Menurut Reza Gunawan, praktisi penyembuhan holistikTrue Nature Healing, antara pikiran dan hati memang tidak selalu sejalan. Karenanya saran forgive and forget, meski kedengarannya indah, tidak realistis. Maaf memaafkan adalah 'pekerjaan' hati yang mengandalkan unsur rasa. Sementara “melupakan” adalah 'produk' pikiran yang didasari melalui pertimbangan nalar atau rasio.

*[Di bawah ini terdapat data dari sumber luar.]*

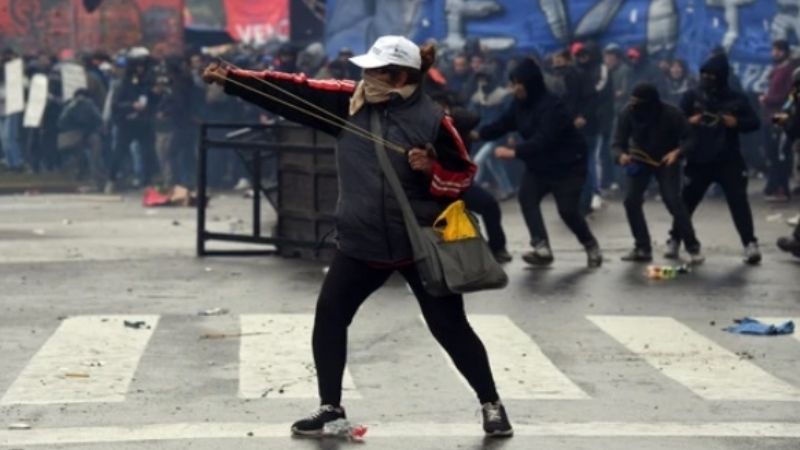 Congreso: al menos doce detenidos y tres heridos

Sifat alamiah hati adalah cinta damai dan ketenangan. Hati tidak mengenal dikotomi seperti pikiran yang senang memperdebatkan benar atau salah. Celakanya, hati bekerja kebalikan dari apa yang dipikirkan (paradox). Ketika kita dikhianati pasangan dan harus memaafkannya, perang batin pasti berkecamuk. Di satu sisi, ada rasa marah, benci, kecewa dan sedih. Tapi di sisi lain, kita seolah 'dipaksa' menerima kesalahan pasangan demi mempertahankan keluarga. Lantas, mana mungkin kita melupakan, kalau nyatanya emosi masih bergejolak?
“Sama halnya jika kita sedang stres, lalu kita diminta untuk berpikir positif dengan mengatakan: “Jangan stres, jangan stres'. Mungkin kita bisa tenang sesaat, tapi kemudian kembali merasa tegang karena masalahnya memang belum selesai,” jelas Reza.
Di balik saran 'maaf dan lupakan' itu, seolah tersirat harapan tertentu. Orang yang meminta maaf, berharap orang lain akan langsung menerima maafnya dan bahkan 'melupakan' kekhilafan mereka. Sebaliknya, di saat kita berada di pihak yang memberi maaf, terkadang kita pun merasa berat memaafkan orang lain. Terutama jika menyangkut masalah kepercayaan. Ada pikiran 'jahat' untuk 'menghukum' orang lain agar ia bisa belajar dari kesalahannya. “Biar dia tahu betapa sakitnya saya!” Bahkan lebih jauh lagi, kita berharap orang lain akan berubah atau bertobat.